What is Wolfson doing with all these citations of boyhood – and specifically of white, American boyhood? Might the answer lie in this particular work’s implicit reference to earlier polychrome sculpture, from classical Greek and Roman to medieval Catholic traditions, works that were, in their own ways, puppets for various ideologies and belief systems? In this case, the ideology could perhaps be white nationalist American masculinity itself. Earlier versions of the Colored sculpture character have appeared elsewhere in Wolfson’s work – as a two-dimensional cartoon boy aiming a gun into his abdomen, or poised over a bucket defecating while gazing at himself in a mirror und
er tabloid-style headlines that read, variously, ‘AMERICANO SEX RED SEX… SLAVE… Racist… AMERICAN BLACK’. White America, the figure seems to be saying, take a good long look at yourself and all the shit you’re producing.

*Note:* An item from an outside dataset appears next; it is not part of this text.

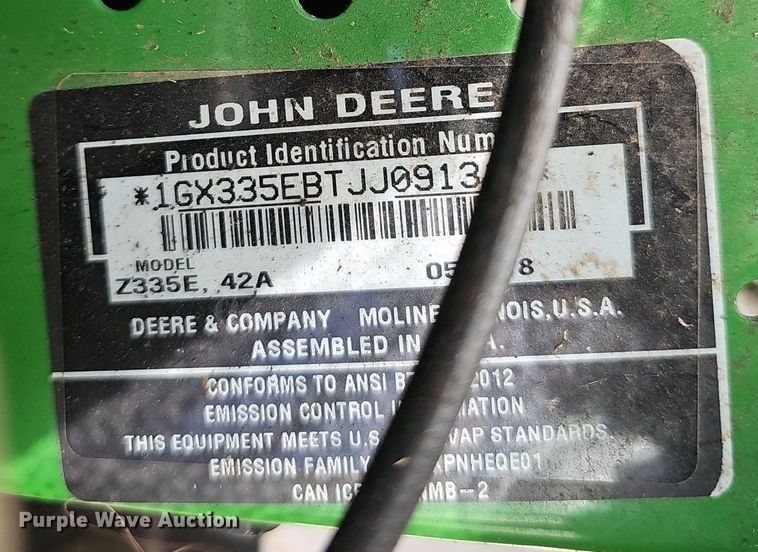 image for item EK5630 John Deere Z335E ZTR lawn mower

If Colored sculpture is the puppet of an ugly, racist American ideology, then it seems also to insist we acknowledge the trauma inflicted by that culture on white boys, and the ways in which such trauma produces violence in its victims. It would not be outrageous to conclude that Colored sculpture stands for any number of young American men who resort to horrific acts of violence but who are also often survivors of abuse: boys who keep getting up off the floor in preparation for the next cycle of beatings, their actions programmed by the culture that has produced and continues to control them, boys for whom it is nonetheless difficult or impossible to feel sympathy even as we acknowledge the complexity and violence of the forces that have determined who they are and what they do.
Colored sculpture’s voiceover, read by Wolfson himself, conflates the energies of sex and death, as if the puppet were at once sex-worker, victim, and murderer for hire:
Two to kill you
Three to hold you
Four to bleed you
Five to touch you
Six to move you
Seven to ice you
Eight to put my teeth in you
Nine to put my hand on you
Ten to hand inside your hair [sic]
Eleven your leg over my shoulder…
Thirteen I killed you
Fourteen you’re blind
Fifteen you’re spoiled
Sixteen to lift you
Seventeen to show you
Eighteen to weigh you…
Do the numerical headings imply payment or digital programming or even a sequence of dance positions in a mechanical ballet? Or can they be read as a monstrous riff on a counting nursery rhyme, ‘One for Sorrow’ for a post-human age? It seems no accident that the sequence ends at eighteen, the age of legal adulthood. What is indisputable is that the voiceover text is all about the interplay of eroticism and sadism, particularly in the first few lines, oscillating between violence and tenderness, until the syntax breaks down in the ninth line: ‘Ten to hand inside your hair’.